| SUPPLIED INFORMATION |
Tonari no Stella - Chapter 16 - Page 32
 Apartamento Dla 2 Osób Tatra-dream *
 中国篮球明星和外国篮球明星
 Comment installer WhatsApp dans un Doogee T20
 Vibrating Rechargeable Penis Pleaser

| WORK ORDER |
Your answer must be the line holding "Comment installer WhatsApp" plus every later line to the end of the records, copied exactly.

| EXERCISE ANSWER |
 Comment installer WhatsApp dans un Doogee T20
 Vibrating Rechargeable Penis Pleaser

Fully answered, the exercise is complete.